Models appear to weight brand mentions earlier in the answer, and citations that come from pages placed appropriately. One recent study noted:

“Brands mentioned in the first two sentences of an AI response receive ~5× more consideration than brands mentioned later.” Evertune
Thus, being the brand framed first in the answer, or being tied to the page selected by the model, boosts the likelihood of being cited.

c) Evidence & trustworthiness

The model asks (implicitly) “Is this source credible?” Indicators include valid schema, updated date, multiple citations aligning with one brand domain, balanced sources, recency cues. A weak or misaligned source may be passed over.

For example, the “How well do LLMs cite relevant medical references?” study found that up to ~50-90% of model responses had unsupported citations, underscoring that source quality matters. arXiv

d) Risk guard (tone, misattribution, hallucination)

Brands that appear in contexts where tone is negative, or where the model flags potential hallucinations or mis-attributions, will score lower in trust for the model. That means not just appearing, but appearing correctly, consistently, and in appropriate context.

Why this matters for brands

When your brand is mentioned but not cited, or cited via the wrong page (e.g., your homepage when a deeper sub-page would answer the query), you effectively lose authority in the AI channel. This creates a gap: you’re visible, but not trusted.

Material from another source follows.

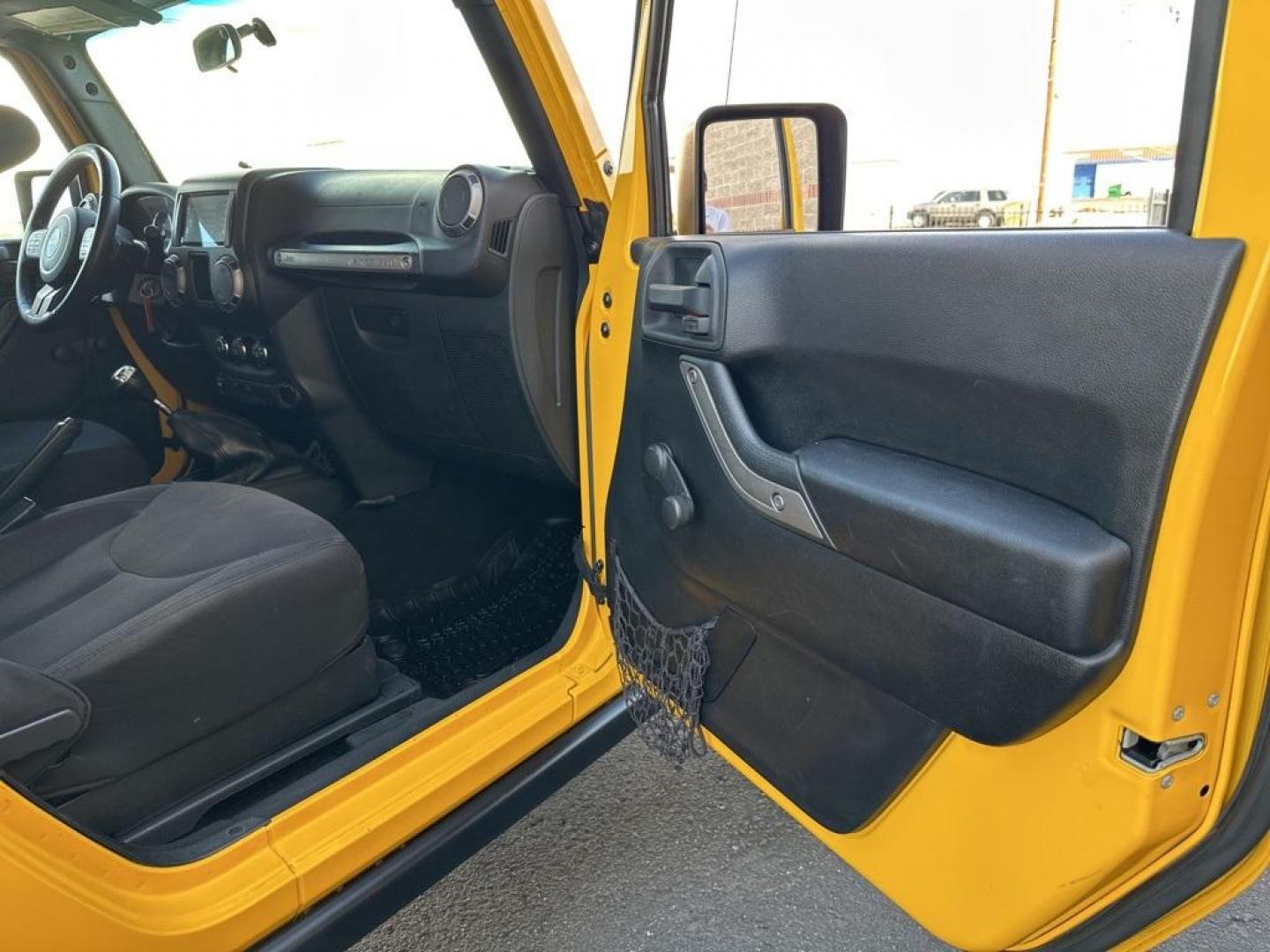 2015 Baja Yellow Clearcoat /Black Jeep Wrangler Willys Wheeler (1C4AJWAG6FL) with an 3.6L V6 24V VVT engine, Manual transmission, located at 8595 Washington St., Thornton, CO, 80229, (303) 287-5511, 39.852348, -104.978447 - 2015 Jeep Wrangler<br><br>D1 Auto NEVER charges dealer fees! All cars have clean titles and have been inspected for mechanical issues. We have financing for everyone. Good credit, bad credit, first time buyers.<br>Clean CARFAX.<br>Please call Lakewood Location 303-274-7692 or Thornton 303-287-5511 t - Photo#24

Because models are increasingly a first point of discovery, being cited, by your page, the correct page, becomes a competitive advantage. Brands that understand these signal mechanics will be ahead of those treating AI as “just another channel”.

Implications & actions for brands

Here are strategic actions based on how AI models decide on citations:

Ensure “best-fit” pages exist for your key questions. If you don’t have a dedicated page that answers the query, you’ll lose alignment.
Put schema and structured data in place. Define the entity, make sure your page has correct markup (mainEntityOfPage, about, description, dateUpdated) so retrieval-augmented models can trust it.
Optimize mention-to-citation flow. Getting your brand mentioned early in the answer helps. That means your page needs to clearly state the brand and topic at the top.
Control your domain presence. Since ~86% of citations are from brand-owned sources, you should ensure you’ve cleaned up domain aliases, canonical tags, and that you own the authoritative content.
Monitor citation patterns across models and locales. Each engine has different behaviours; your brand may need to show up in ChatGPT vs Gemini vs Perplexity via different content emphases.
Reduce “misses” and fix wrong-page citations. If the model cites your homepage instead of your product page, you lose alignment. Fix internal linking, content hierarchy and submit that sub-page to indexing or retrieval pipelines.

What we still don’t fully know

Models’ exact weighting of signals remains proprietary (OpenAI, Google do not publish full weighting details).
The mechanism of real-time page retrieval vs internal training memory differs across products.
How temporal signals (freshness, update date) quantitatively affect citations is still under-researched.
How “entity trust” (brand reputation, mentions across web) mathematically translates to model citation probabilities.

Final thought

In the world of AI-driven discovery, your brand needs to be more than visible, it needs to be trustable, cited, and aligned with the query. Smart brands will treat AI assistants not as search boxes, but as recommendation engines they can influence through content, metadata, and structural signals. By understanding how the models decide which brands to cite, you place yourself in the driver’s seat, being picked, trusted, and linked to when it matters.